The frequency domain representation of a function is a way to express that function in terms of its frequency components rather than its original time or spatial values. In the context of the Fourier sine transform, we shift from observing a function over the spatial dimension to analyzing its behavior across different frequencies. This approach is particularly useful in solving partial differential equations, where understanding how different frequencies contribute to the solution can simplify the problem-solving process.

In this exercise, the Fourier sine transform was applied to the function \( u(x, 0) = xe^{-x} \). The transform gives us \( U(\alpha, 0) = \frac{2 \alpha}{(1+\alpha^2)^2} \), which is the frequency domain representation. This means that every frequency \( \alpha \) contributes to the overall shape of \( u(x, 0) \) with a proportional weight defined by this expression.

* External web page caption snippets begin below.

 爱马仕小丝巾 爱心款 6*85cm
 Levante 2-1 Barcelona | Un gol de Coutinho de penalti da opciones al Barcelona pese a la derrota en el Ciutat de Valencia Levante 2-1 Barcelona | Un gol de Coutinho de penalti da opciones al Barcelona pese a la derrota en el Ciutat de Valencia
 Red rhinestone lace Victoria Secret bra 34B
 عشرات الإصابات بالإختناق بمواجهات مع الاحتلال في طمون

Here's what happens in this representation:

• Frequency components \( \alpha \) are highlighted, showing how each impacts the initial wave function.
• Understanding contributions at each frequency helps in reverting back to the time-space function through inverse transforms.

Initial conditions are essential in solving differential equations as they provide specific information about the system at the starting point. They ensure the uniqueness of the solution by reducing the infinite possibilities to a single one that fits the given conditions. In our task, the initial condition provided was \( U(\alpha, 0) = \frac{2 \alpha}{(1+\alpha^2)^2} \). This means that at time \( t = 0 \), the frequency representation of the function is predetermined, guiding us in constructing the solution over time.

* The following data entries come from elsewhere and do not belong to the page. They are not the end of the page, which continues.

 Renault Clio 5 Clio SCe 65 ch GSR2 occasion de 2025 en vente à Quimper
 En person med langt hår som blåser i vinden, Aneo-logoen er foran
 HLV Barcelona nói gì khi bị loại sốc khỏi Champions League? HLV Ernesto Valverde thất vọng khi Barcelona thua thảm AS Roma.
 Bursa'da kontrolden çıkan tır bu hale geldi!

By relating this initial condition to the expression for \( U(\alpha, t) \), we determined the value of the constant \( c_1 \), which plays a critical role in defining how the solution evolves over time. It is the key ingredient that ties together the frequency domain representation with dynamic behavior. Without the initial condition:

• We would lack information on how the system behaves at \( t = 0 \).
• It would be impossible to determine the constants in the representation \( U(\alpha, t) \).

The inverse Fourier transform is the mathematical process that takes us back from the frequency domain to the original time or space domain. It reassembles the function from its frequency components, effectively turning data expressed in terms of frequency back into its original form. This is crucial for interpreting results in terms of the physical systems we study, whether these are mechanical vibrations, sound waves, or other phenomena.

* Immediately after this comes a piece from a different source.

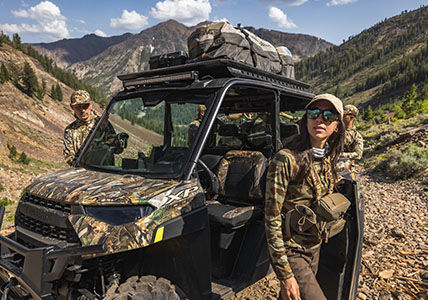 ranger crew 1000 with rhino rack roof rack installed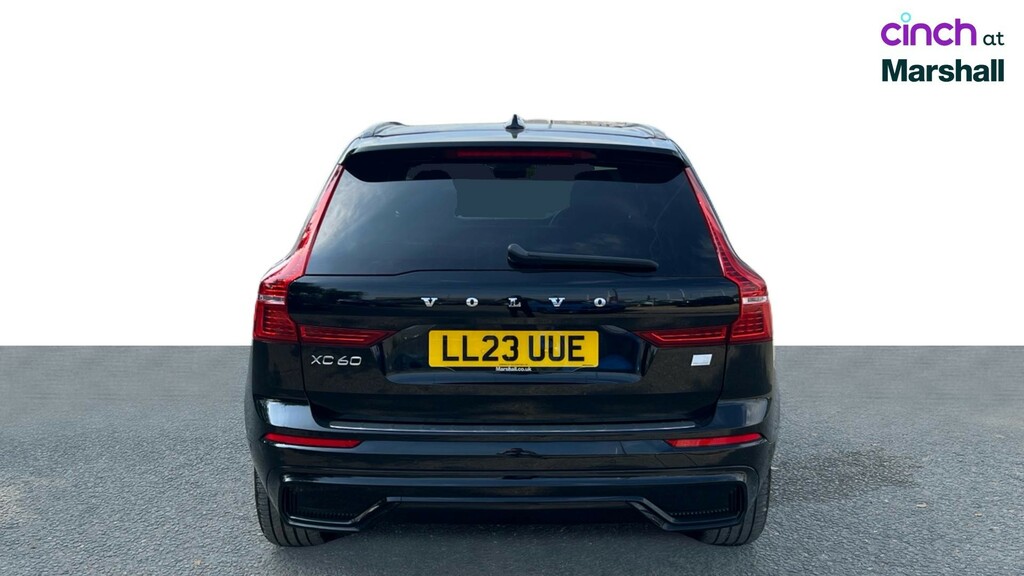 Volvo XC60 Plus Blue #4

For this problem, we used the inverse Fourier sine transform to find \( u(x, t) \) from \( U(\alpha, t) \). The inverse transform is expressed by the integral\[u(x, t) = \frac{4}{\pi} \int_0^\infty \frac{\alpha \cos(\alpha a t)}{(1+\alpha^2)^2} \sin(\alpha x) \, d\alpha\]

• This process integrates over all frequency components \( \alpha \), weighted and shaped by the function \( \sin(\alpha x) \), to recreate the original spatial domain function.
• The specific integration limits and formulas depend on the type of Fourier transform (sine, cosine, etc.) used initially.

Partial differential equations (PDEs) are mathematical equations that involve rates of change with respect to continuous variables. They are used to formulate problems involving functions of several variables and are either solved by analytical means (exact solutions) or by numerical methods. PDEs appear in many branches of physics and engineering, describing a wide range of phenomena, such as sound, heat, electrostatics, and fluid dynamics.

In this exercise, the Fourier sine transform is used because it simplifies the problem by converting the PDE into an ordinary differential equation (ODE) in the frequency domain. Solving the resulting ODE is typically more straightforward.

Key points about PDEs relevant here include:

• The form of the PDE can determine the applicability of different transform methods.
• Transform methods like the Fourier sine transform help in handling complex boundary and initial conditions.
• They are crucial for understanding how solutions evolve with time and space, given the specific conditions and constraints of the system.